Day of Pentecost, Year C | Acts 2:1-21
St. Andrew’s Episcopal Church
June 8, 2025
the Rev. Jonathan Hanneman
To watch the full service, please visit this page.
“All who are led by the Spirit of God are children of God.” – Romans 8:14[1]
Good morning, and happy Pentecost! With all the changes that have taken place between our time and the Bible’s, it’s been genuinely difficult to know where to begin on our texts this morning. So we’re going to start with the basics: what Church holiday actually is.
As Christians, we think of Pentecost as the Church’s birthday, when we celebrate the coming of the Holy Spirit, but Pentecost was already an ancient Jewish feast before Jesus’ lifetime. Also known as “first-fruits,” it was essentially the spring harvest festival. Fifty days after seeding the land, early plantings—in the case of my own garden, zucchini, broccoli, and certain peppers—have matured, offering the first fresh veggies of the year—a big deal when your only means of long-term storage was dehydration. This was an opportunity for ancient Israel to come together and celebrate before God, offering their thanks and praise for this promising sign while donating some of its proceeds to the Temple as evidence of gratitude and trust that God would continue to provide.
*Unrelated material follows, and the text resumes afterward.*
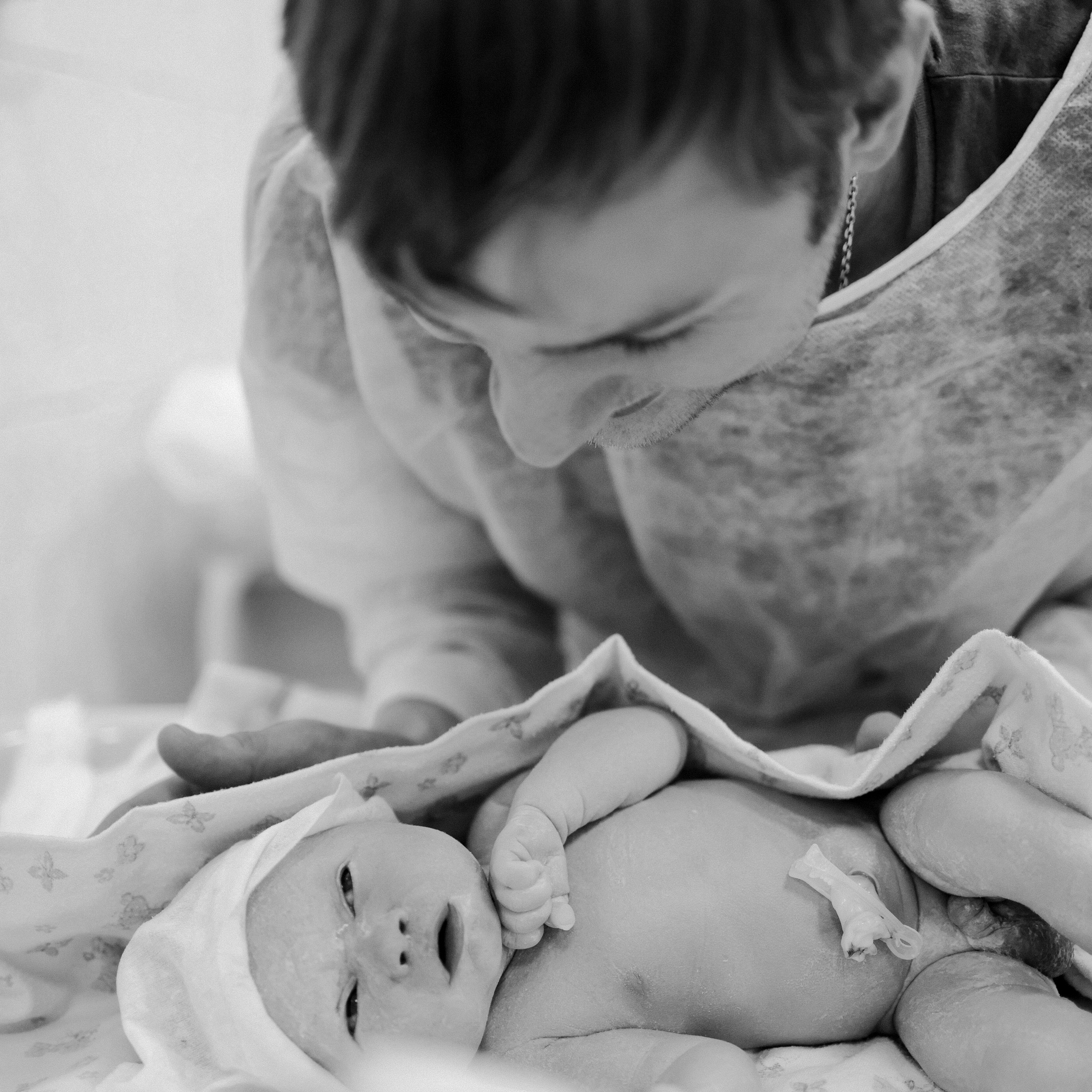 Роды в Нижнем Новгороде, фотограф на роды в Нижнем Новгороде, фотограф рождения в Нижнем Новгороде, Фотограф на роды Елена Лисина, Елена Лисина фотограф рождения, фотосъемка родов, видеосъемка родов, 1 роддом, 1 роддом Нижний Новгород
So that’s the context within which this Christian celebration roots itself. The seeds have been planted; hungry people have been eagerly watching their produce mature; and today—voila!—fresh food for everyone for the first time in months!
But there are multiple layers of imagery and meaning converging at this event. We might see a child welcoming air into its lungs for the first time. Or maybe you’ve noticed the event’s parallel with the Hebrew Bible’s creation story, where God breathes the Breath of Life into a perfectly formed, as yet inanimate body—a sort of start-over or reset for humanity. Yet this time it isn’t just one individual left to go it alone in a garden but an entire community living to encourage and support one another. The most significant and applicable image for our time, however, might be a continuation of what we’ve encountered with the incarnation, crucifixion, resurrection, and ascension: the unmaking of the Three Realms.
Jesus’ birth began this Cosmic revolution, with the Divine taking their first steps to reconnect the Celestial and Earthly Realms. With the crucifixion and burial, this Son of Man takes the path all humans someday follow, becoming a citizen of the Underworld. The resurrection sees Jesus reveal the Divine order underlying even this most mysterious and terrifying layer of existence. He then rips down its imposing gates from the inside, thereby erasing the Underworld as its own separate layer of existence and freeing us humans from the tyranny and fear that Death attempts to impose upon us. As we discussed last week, then, Jesus’ ascension completed this massive renovation, destroying the restraints that separated the Earthly from the Divine and thereby uniting all of existence under the authority, mercy, and kindness of the same generous and loving God.
Now if everything had all stopped there, that would have been more than enough. However, God had even more work in mind. That’s because, despite the reunification of Reality, one problem remained: people were still divided from one another, as we had been since the prehistoric tale of ancient Babel.[2] We humans aren’t necessarily the brightest or most intuitive beings, so God needed to make the consequences of this Cosmic Renewal even more explicit to us. And that is the image Pentecost begins to reveal.
With nothing left to bind giver or recipient, God exhaled, distributing their own Divine and Purifying Breath, not just on one chosen leader but, according to Peter’s message, on all flesh.[3] The mystical flames rest on everyone gathered in the room, making each person at the disciples’ prayer gathering—named or not—equal in calling and status. Observant Jewish outsiders find themselves drawn to this new community as it expresses words of joy and wisdom to one another only to be surprised that they’re hearing God’s Good News—that each who calls upon the Royal Name can be restored[4]—all in their own native languages and dialects, allowing everyone who was willing, no matter their background, to unite in one truth and one hope. The rest of the book of Acts—all the passages we’ve been reading over the Easter Season—show us this concept of unity expanding.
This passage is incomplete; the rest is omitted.